BARBARA, QUEEN OF THE DESERT

I first heard the name Barbara Bodine while watching the Frontline documentary, The Man Who Knew Too Much.

At the time I had no interest in her, and most of my interest in the story of maverick FBI agent John O’Neill hinged on the Ramzi Yousef angle. (The real identity of Ramzi Yousef and whether he was part of al Qaida continues to fascinate and intrigue me.) But now that her name is in the air again, I refreshed my memory.

I didn’t get a very good impression of her from the Frontline documentary. She struck me as behaving more like an employee of the Government of Yemen, than a member of the US diplomatic corps:

FRONTLINE recounts a heated political battle over the investigation of the bombing of the USS Cole. Former government officials recount how O’Neill’s desire to show the Yemeni security forces–which he viewed as being less than cooperative–that the FBI meant business angered U.S. Ambassador Barbara Bodine–so much so, that when O’Neill made a brief trip home to New York for Thanksgiving, Bodine denied his visa, preventing him from returning to the investigation.

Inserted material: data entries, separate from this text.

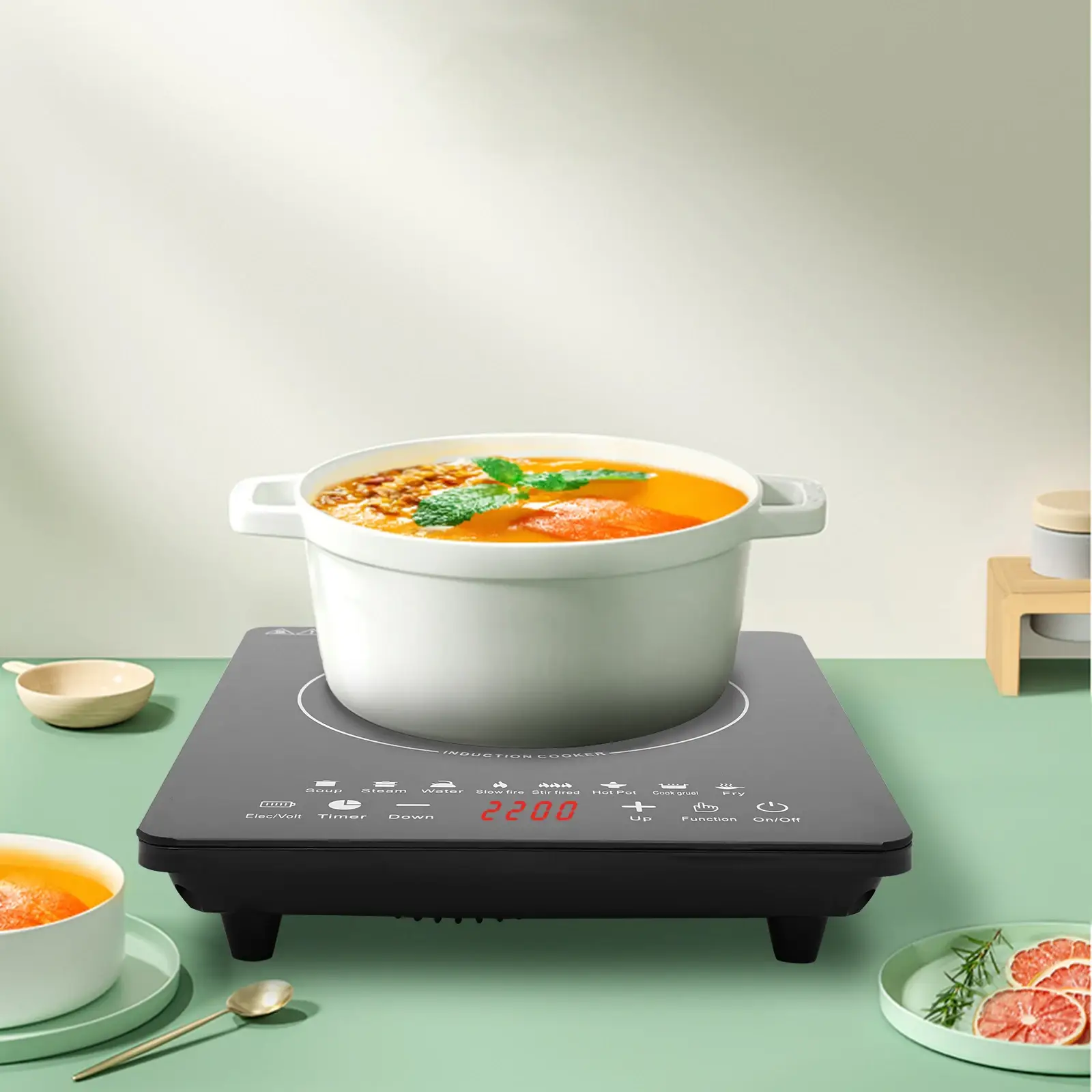 750W Portable Induction Cooktop with 8 Presets - Image 1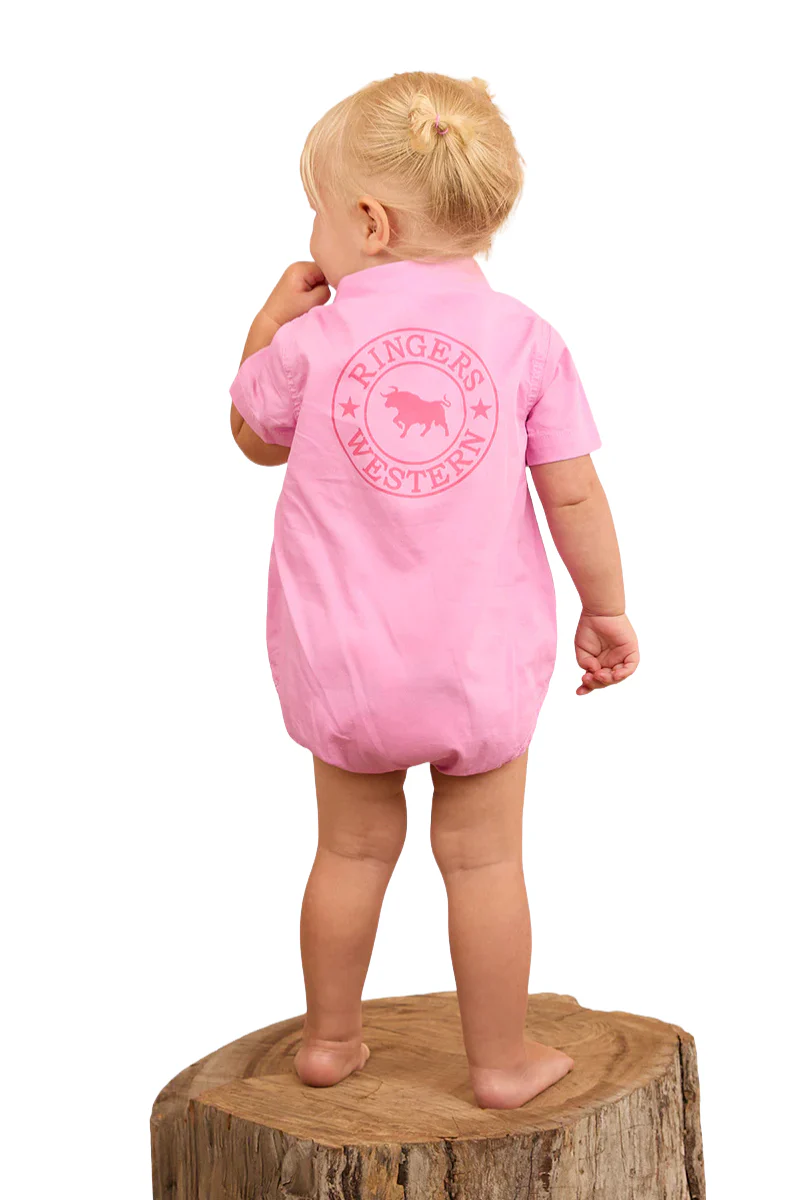 Ringers Western Infants S/S Workshirt Romper (523002RW) Pastel Pink - Image 2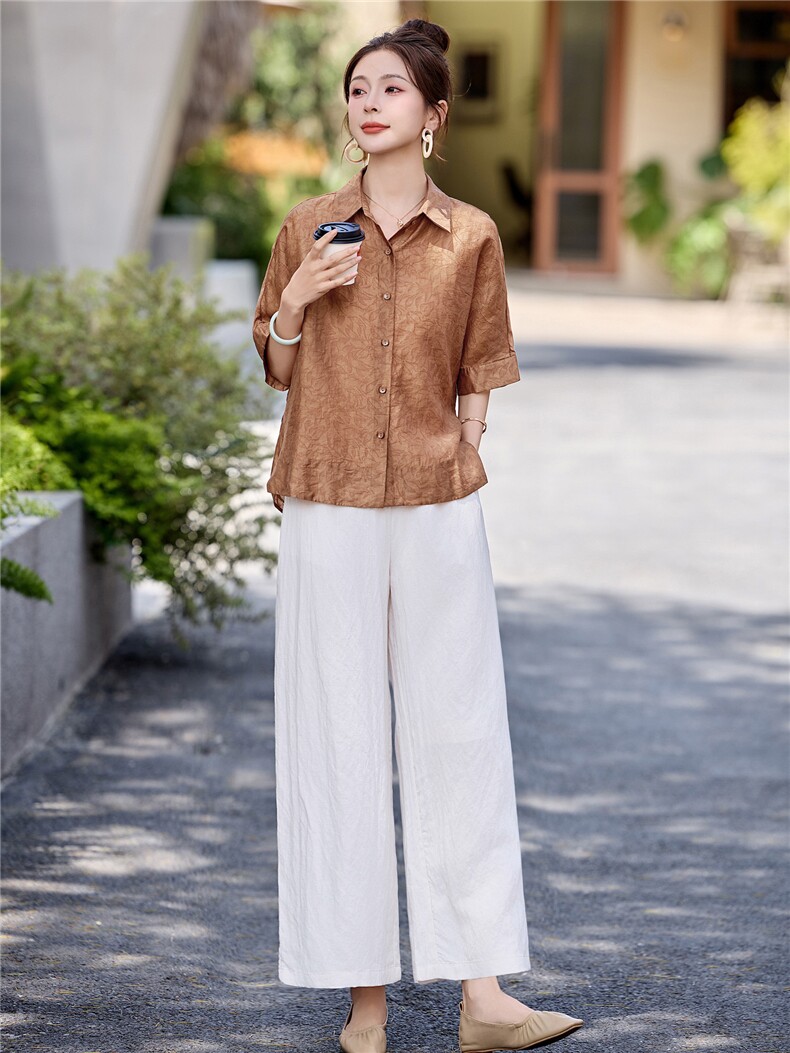 长期有货2026年夏季冰天丝时尚休闲两件套装提花衬衫休闲阔腿裤女,女装套装/套裙,璐依舞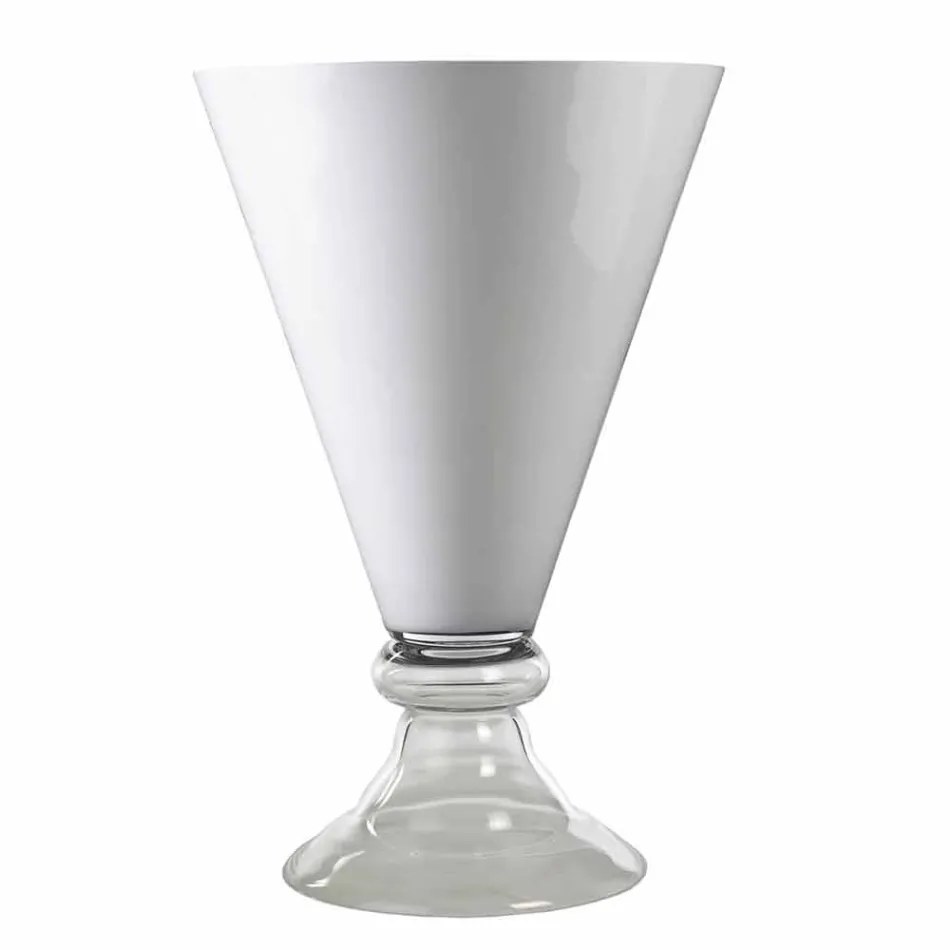 Vaso Moderno da Interno in Vetro Bianco e Trasparente Made in Italy - Romantica Viadurini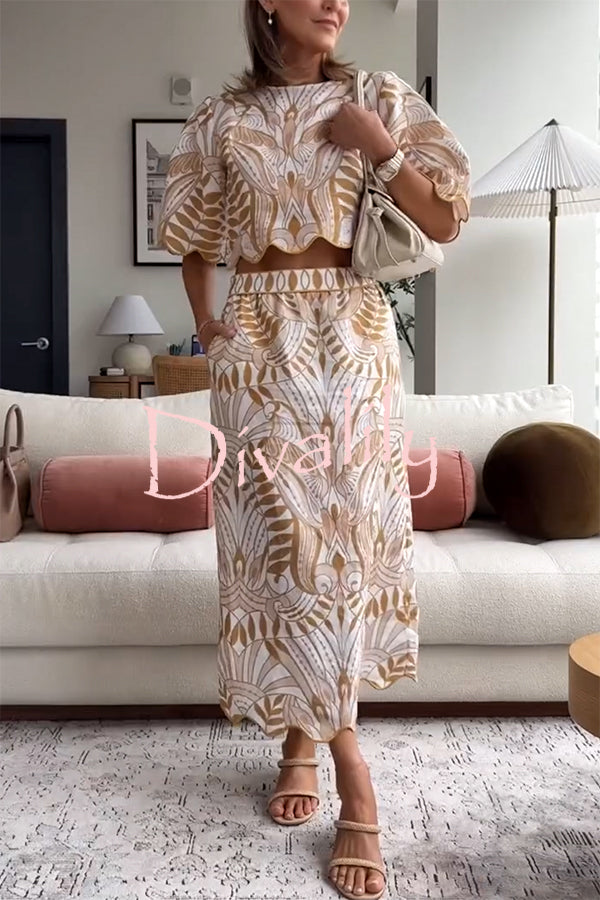 Korra Linen Blend Unique Print Wave Trim Bell Sleeve Top and Elastic Waist Pocket Midi Skirt Set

“John was upset,” says Barry Mawn, O’Neill’s supervisor at the FBI’s New York office. “[Bodine] was badmouthing him; she caused a stir at headquarters. I actually think John was more disappointed that our headquarters didn’t back us as far as sending him back.”

The maker of the documentary discusses Bodine’s “contributions” here.

Anyone who rises as far as Bodine did in the diplomatic corps has to be an nasty infighter , slippery eel and a good liar. O’Neill didn’t stand a chance against this accomplished practitioner of diplomatic chicanery.

The decision to put Bodine in charge of the Baghdad sector – if true — strikes me as an almost laughable misunderstanding of Iraqi society. It would have to have been hatched in the deepest bowels of the Near East desk of the State Department, where attitudes towards Arabs range from mildly besotted to purple passion. They probably think that the Baghdad area is sophisticated and cosmopolitan, and that the residents would be grateful to have an old hand in the region with a pronounced affection for Arabs. They couldn’t be more wrong, but what else is new for our State Department?